[[ DATASET CONTENT open ]]

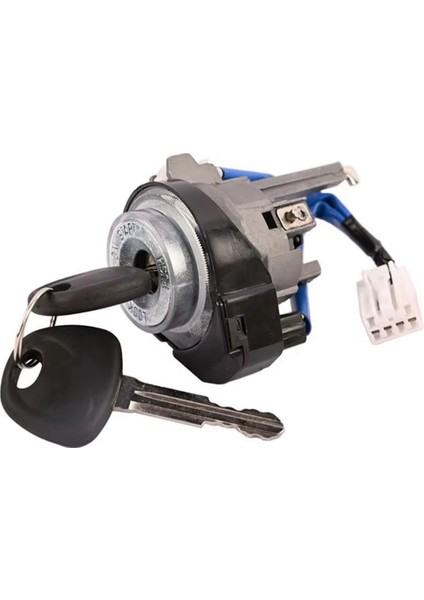 Kaliteli Araba Motoru Kontak Kilidi Silindir Anahtarı (Yurt Dışından) fiyatları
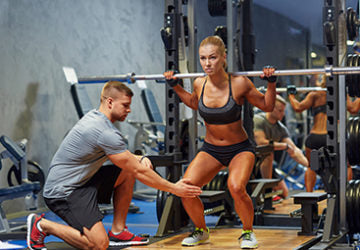 Progressive Training for Progressive Results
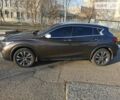 Інфініті QX30, об'ємом двигуна 2 л та пробігом 39 тис. км за 25999 $, фото 9 на Automoto.ua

[[ DATASET CONTENT closed ]]

WHAT THIS TASK INVOLVES -
Repeat the material exactly, without images.

RESPONSE BELOW -
 Kaliteli Araba Motoru Kontak Kilidi Silindir Anahtarı (Yurt Dışından) fiyatları
 Progressive Training for Progressive Results
 Інфініті QX30, об'ємом двигуна 2 л та пробігом 39 тис. км за 25999 $, фото 9 на Automoto.ua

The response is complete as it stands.